Cleveland Clinic juga memberikan contoh salad berbasis sayuran berdaun hijau yang dipadukan dengan alpukat, sedikit kacang atau biji-bijian, serta vinaigrette sederhana. Komposisi semacam ini menunjukkan bahwa salad tetap dapat memiliki rasa dan tekstur menarik tanpa harus menggunakan terlalu banyak saus atau topping olahan.
Beberapa cara praktis yang dapat dicoba antara lain:
- Jadikan sayuran sebagai bagian terbesar dari mangkuk salad.
- Gunakan beberapa jenis sayuran agar tekstur, warna, dan kandungan gizinya lebih beragam.
- Tambahkan sumber protein jika salad digunakan sebagai makanan utama.
- Pilih topping secukupnya, bukan menggunakan seluruh pilihan sekaligus.
- Tuangkan dressing sedikit demi sedikit.
- Perhatikan gula, natrium, dan lemak jenuh pada saus atau topping kemasan.

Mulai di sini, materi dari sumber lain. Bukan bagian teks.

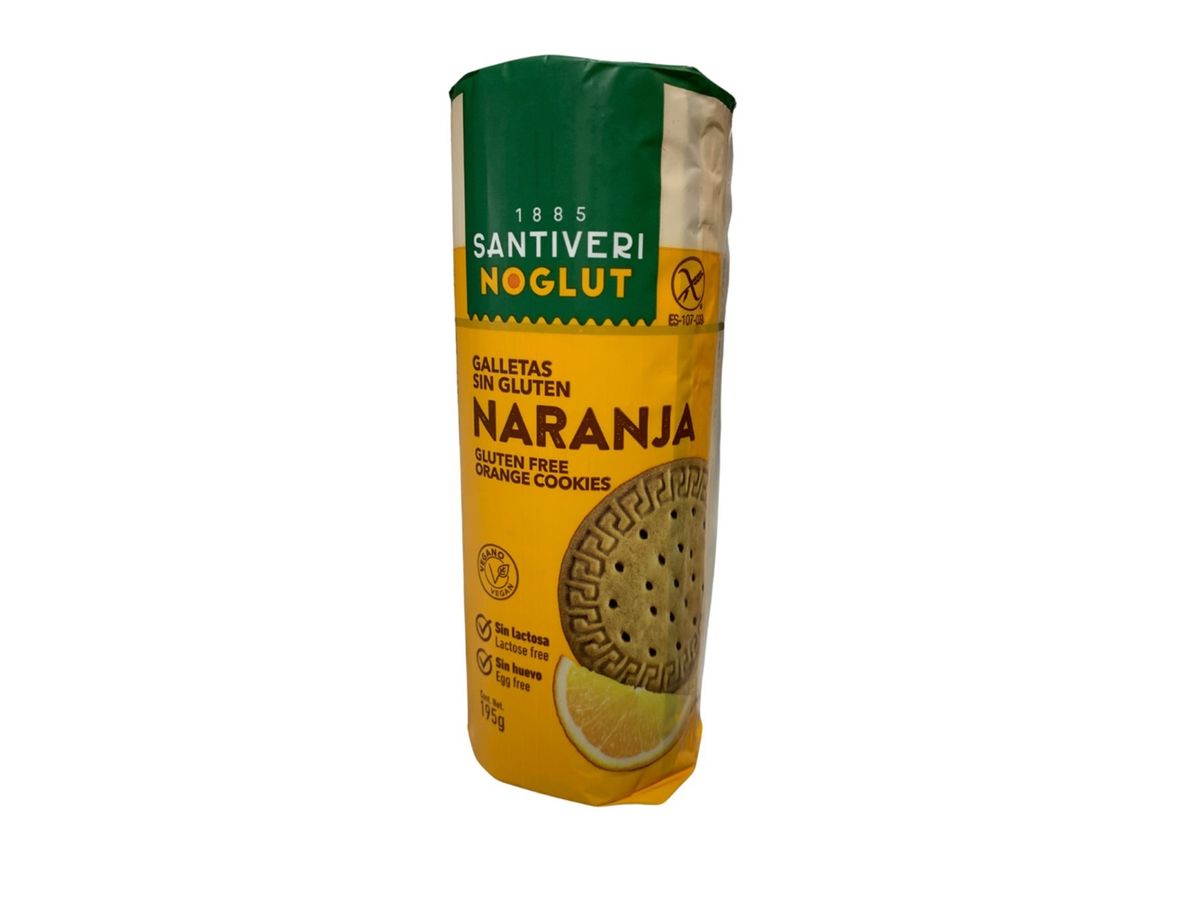 Galleta Santi Naranja 195gr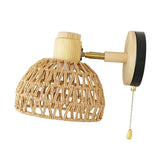 Maxbell Farmhouse Wall Lampshade Bedroom Wall Lights Fixtures for Kitchen Restaurant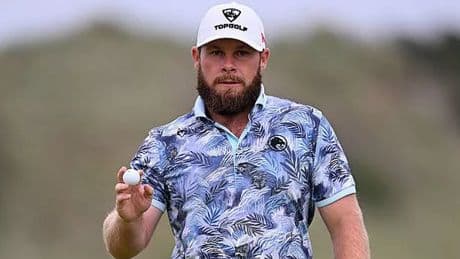 Tyrell Hatton reveals sinking Guinness is key to flying start at The Open as Englishman keeps a cool head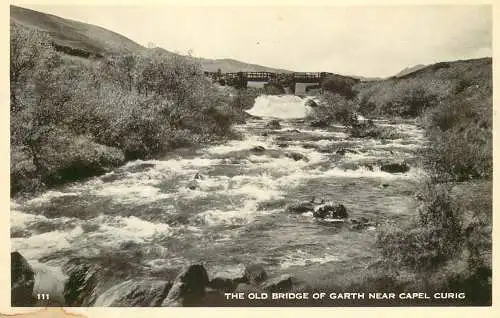 United Kingdom England Capel Curig old bridge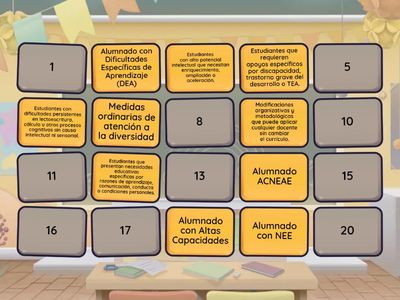 Acierta la pareja: claves sobre la atención a la diversidad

- Pilih buah segar lebih sering daripada topping buah yang diberi banyak tambahan gula.
- Gunakan bahan goreng atau daging olahan sebagai tambahan sesekali, bukan komponen utama.
Pertanyaan dan Jawaban
1. Apakah makan salad setiap hari sehat?
Salad dapat menjadi bagian dari pola makan sehat setiap hari selama bahan yang digunakan bervariasi dan kebutuhan protein, karbohidrat, lemak, serta zat gizi lainnya tetap terpenuhi.
2. Dressing apa yang cocok untuk salad sehat?
Vinaigrette sederhana dari minyak nabati, cuka atau perasan lemon, rempah, dan sedikit mustard dapat menjadi pilihan. Porsinya tetap perlu diperhatikan.
3. Apakah salad bagus untuk menurunkan berat badan?
Salad dapat membantu menambah konsumsi sayuran dan serat, tetapi penurunan berat badan tetap dipengaruhi total pola makan, kebutuhan energi, aktivitas fisik, dan ukuran porsi.
4. Apakah keju boleh ditambahkan ke salad?
Boleh. Keju dapat memberikan rasa dan protein, tetapi sebaiknya digunakan secukupnya terutama jika salad sudah memiliki banyak topping lainnya.
5. Apa sumber protein yang cocok untuk salad?
Telur, ikan, ayam panggang, tahu, tempe, chickpea, kacang merah, dan berbagai jenis legum dapat digunakan sesuai selera dan kebutuhan.